_WHAT IS NEEDED_: Everything from the line containing "Mama Bangle Set" to the end of the data must be duplicated word for word, and nothing else may appear.
:: DATA EXCERPTS ::
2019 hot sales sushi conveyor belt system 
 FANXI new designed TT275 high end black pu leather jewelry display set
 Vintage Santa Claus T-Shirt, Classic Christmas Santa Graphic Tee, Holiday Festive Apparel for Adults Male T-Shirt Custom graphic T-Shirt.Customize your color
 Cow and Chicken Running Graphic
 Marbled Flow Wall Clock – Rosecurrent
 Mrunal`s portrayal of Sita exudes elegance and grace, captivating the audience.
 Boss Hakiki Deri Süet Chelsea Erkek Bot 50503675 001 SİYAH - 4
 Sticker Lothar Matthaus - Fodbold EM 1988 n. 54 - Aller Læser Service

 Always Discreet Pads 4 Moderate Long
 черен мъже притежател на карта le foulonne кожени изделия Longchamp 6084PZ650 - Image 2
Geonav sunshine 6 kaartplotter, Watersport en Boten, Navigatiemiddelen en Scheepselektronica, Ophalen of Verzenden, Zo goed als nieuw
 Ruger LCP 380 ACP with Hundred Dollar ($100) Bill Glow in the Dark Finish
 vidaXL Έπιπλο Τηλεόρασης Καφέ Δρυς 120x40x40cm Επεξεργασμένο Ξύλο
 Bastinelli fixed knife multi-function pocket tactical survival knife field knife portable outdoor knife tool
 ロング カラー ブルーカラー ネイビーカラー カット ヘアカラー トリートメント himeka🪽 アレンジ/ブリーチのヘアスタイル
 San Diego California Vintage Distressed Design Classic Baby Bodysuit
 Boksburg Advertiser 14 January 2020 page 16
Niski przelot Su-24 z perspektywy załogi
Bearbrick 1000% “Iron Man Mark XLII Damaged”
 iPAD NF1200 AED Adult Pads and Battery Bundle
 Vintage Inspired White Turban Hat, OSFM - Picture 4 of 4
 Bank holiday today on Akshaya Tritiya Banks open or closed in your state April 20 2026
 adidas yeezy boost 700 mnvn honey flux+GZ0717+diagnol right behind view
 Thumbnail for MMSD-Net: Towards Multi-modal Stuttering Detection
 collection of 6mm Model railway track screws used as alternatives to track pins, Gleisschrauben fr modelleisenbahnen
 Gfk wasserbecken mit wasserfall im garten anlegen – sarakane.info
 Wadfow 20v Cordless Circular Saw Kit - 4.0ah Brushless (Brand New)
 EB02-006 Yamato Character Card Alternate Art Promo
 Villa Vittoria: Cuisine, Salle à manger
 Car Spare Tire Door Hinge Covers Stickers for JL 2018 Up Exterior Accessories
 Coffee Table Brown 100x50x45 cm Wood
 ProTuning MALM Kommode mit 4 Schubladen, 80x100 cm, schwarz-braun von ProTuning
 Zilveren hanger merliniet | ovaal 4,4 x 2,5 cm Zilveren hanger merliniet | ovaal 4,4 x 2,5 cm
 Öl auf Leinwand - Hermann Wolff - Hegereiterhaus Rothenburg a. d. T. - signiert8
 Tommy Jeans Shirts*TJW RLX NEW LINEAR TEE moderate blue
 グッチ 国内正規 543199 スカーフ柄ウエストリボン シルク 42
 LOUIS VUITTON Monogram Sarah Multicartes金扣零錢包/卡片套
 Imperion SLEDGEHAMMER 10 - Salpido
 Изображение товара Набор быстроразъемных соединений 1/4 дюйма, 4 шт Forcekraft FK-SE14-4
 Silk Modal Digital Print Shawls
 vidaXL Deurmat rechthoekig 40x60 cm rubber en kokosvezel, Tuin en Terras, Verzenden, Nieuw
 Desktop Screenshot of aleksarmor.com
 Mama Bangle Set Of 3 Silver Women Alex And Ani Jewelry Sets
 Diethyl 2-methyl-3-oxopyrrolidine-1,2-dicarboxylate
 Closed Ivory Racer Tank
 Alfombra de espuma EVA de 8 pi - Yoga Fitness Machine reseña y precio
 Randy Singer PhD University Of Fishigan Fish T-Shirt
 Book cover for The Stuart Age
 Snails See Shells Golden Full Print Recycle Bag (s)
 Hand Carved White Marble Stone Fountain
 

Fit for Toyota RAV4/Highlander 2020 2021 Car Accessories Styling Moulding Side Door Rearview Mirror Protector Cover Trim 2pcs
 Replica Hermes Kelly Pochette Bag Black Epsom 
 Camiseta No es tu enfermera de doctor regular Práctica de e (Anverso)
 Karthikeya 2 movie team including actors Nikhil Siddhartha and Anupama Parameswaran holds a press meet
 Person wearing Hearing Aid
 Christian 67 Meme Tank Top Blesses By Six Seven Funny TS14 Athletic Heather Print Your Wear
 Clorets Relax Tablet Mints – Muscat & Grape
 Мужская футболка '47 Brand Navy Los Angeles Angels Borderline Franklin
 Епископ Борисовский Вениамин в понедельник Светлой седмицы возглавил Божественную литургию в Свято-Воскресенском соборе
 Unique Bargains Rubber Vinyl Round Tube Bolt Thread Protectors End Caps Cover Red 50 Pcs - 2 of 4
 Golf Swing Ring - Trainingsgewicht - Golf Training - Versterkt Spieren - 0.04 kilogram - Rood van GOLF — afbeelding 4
:::
_EXERCISE RESULT_:
 Mama Bangle Set Of 3 Silver Women Alex And Ani Jewelry Sets
 Diethyl 2-methyl-3-oxopyrrolidine-1,2-dicarboxylate
 Closed Ivory Racer Tank
 Alfombra de espuma EVA de 8 pi - Yoga Fitness Machine reseña y precio
 Randy Singer PhD University Of Fishigan Fish T-Shirt
 Book cover for The Stuart Age
 Snails See Shells Golden Full Print Recycle Bag (s)
 Hand Carved White Marble Stone Fountain
 

Fit for Toyota RAV4/Highlander 2020 2021 Car Accessories Styling Moulding Side Door Rearview Mirror Protector Cover Trim 2pcs
 Replica Hermes Kelly Pochette Bag Black Epsom 
 Camiseta No es tu enfermera de doctor regular Práctica de e (Anverso)
 Karthikeya 2 movie team including actors Nikhil Siddhartha and Anupama Parameswaran holds a press meet
 Person wearing Hearing Aid
 Christian 67 Meme Tank Top Blesses By Six Seven Funny TS14 Athletic Heather Print Your Wear
 Clorets Relax Tablet Mints – Muscat & Grape
 Мужская футболка '47 Brand Navy Los Angeles Angels Borderline Franklin
 Епископ Борисовский Вениамин в понедельник Светлой седмицы возглавил Божественную литургию в Свято-Воскресенском соборе
 Unique Bargains Rubber Vinyl Round Tube Bolt Thread Protectors End Caps Cover Red 50 Pcs - 2 of 4
 Golf Swing Ring - Trainingsgewicht - Golf Training - Versterkt Spieren - 0.04 kilogram - Rood van GOLF — afbeelding 4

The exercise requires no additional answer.